The pirates of the Mediterranean
Cicero continues with his onslaught of rhetorical questions, but now gives them a special edge: they all involve his audience, the Roman people, whom he holds to account at least partially for the dire state of affairs caused by the pirates. On the face of it, the tactic of collective shaming is curiously negative, but it generates room for the special relationship between Pompey and the people that Cicero will bring into play in subsequent paragraphs, while also reminding them that technically they are in charge of the far-flung empire that Rome has become. This comes with certain responsibilities, not the least of which is appointing generals capable of dealing effectively with military challenges.
The paragraph falls into three parts.
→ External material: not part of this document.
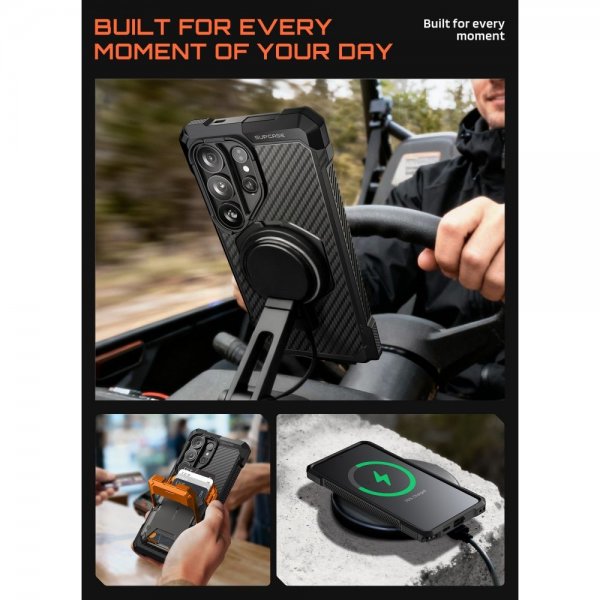 Supcase Samsung Galaxy S26 Ultra Cover UB Grip MagSafe Aramid Sort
We begin with a string of rhetorical questions (all calling for a negative answer) that put the spotlight on Cicero’s audience, the Roman people:
- (i) quam provinciam ... tenuistis...?
- (ii) quod vectigal vobis tutum fuit?
- (iii) quem socium defendistis?
- (iv) cui praesidio ... fuistis?
- (v) quam multas existimatis insulas esse desertas...?
He then addresses a rhetorical question to himself:
- (vi) sed quid ego longinqua commemoro?
After the one sentence that is not a rhetorical question in this paragraph (fuit hoc quondam ... non sua tecta defendere), Cicero returns to interrogative mode with three further rhetorical questions that all follow the same pattern: they are introduced by a verb in the deliberative subjunctive, which sets up an indirect statement, followed by a circumstantial cum-clause (note, though, that the cum-clauses do not belong into the indirect statements):
- (vii) ... ego ... mare ... clausum fuisse dicam, cum...
- (viii) ... [eos] captos [esse] querar, cum...
- (ix) ... tutum mare non fuisse dicam, cum...
The pattern continues in the following paragraph (see below). In those last three rhetorical questions Cicero contrasts the ill-fortune that the pirates inflicted on non-Roman citizens (allies, envoys sent to Rome, merchants) with that suffered by Roman armies or official representatives of the Roman people (exercitus vestri, legati populi Romani, secures, i.e. axes here symbolic of praetors and their magisterial power).